The senator said, “The government should have a better response than simply saying there is no need to panic. For the people of Pakistan surviving on paycheck to paycheck, and especially eroding daily wages, there is a reason to be anxious. With the interest rate at 10 per cent, inflation is expected to reach 12 per cent. The price of basic commodities such as wheat increased by 6.11 per cent, flour by 9.32 per cent, eggs by 20 per cent and pulses by 20 per cent, to name a few. In line with the rupee’s devaluation, incomes in Pakistan saw a drastic reduction of 36 per cent. A year ago, the minimum wage was equivalent to almost $150/month, now it is down to $105/month. This is well below the regional wage rate against the dollar which is $175/month in India and $240/month in China. Where is the relief for the working class?”
“The government, instead of assuring the market, approached the issue with its signature nonchalant style of governance. They should have presented a clear plan on what direction it intends to take the economy especially at a time when investor confidence is low. The other question is, why the sudden devaluation? It is not going to help with imports. Was this drastic devaluation done to meet IMF preconditions? The minister managed to talk about the IMF or the rupee slide without really saying anything on the subject. Why is the government not being transparent regarding its negotiations with the IMF?” asked the senator.

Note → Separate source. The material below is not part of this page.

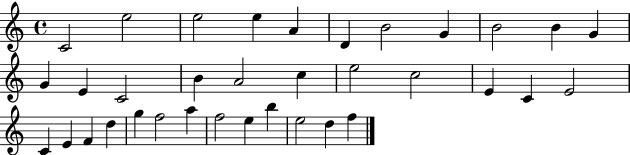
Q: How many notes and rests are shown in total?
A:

“Many are saying that nearly Rs300 billion will be added to the country’s foreign debt as a result of the whopping exchange rate adjustment. How will the government explain adding this to our already troubled balance of payments? The parliament and the people have legitimate questions. How does the government intend to restore Pakistan’s reserves? Improving exports and remittances are often cited as sources for the dollar supply. But if they were indeed improving, why would the State Bank of Pakistan (SBP) have to hike key interest rates by 10 per cent, to 150 basis points which is the highest in six years? SBP’s report certainly warned of tough times without glossing over reality like the government,” she added.
“For all the big talk on reforming the economy and promises of salvation from the hands of international lenders, the government has little to show for their vision. The rush to false promises has thrown the government into a serious credibility crisis with the parliament paralysed, external debt at its peak and no clear strategies or parliamentary consultations to fix the spiralling economy. We demand that the government provide transparency on the current state of the economy, its plans regarding the IMF and answer our questions in parliament,” concluded the former Senate opposition leader.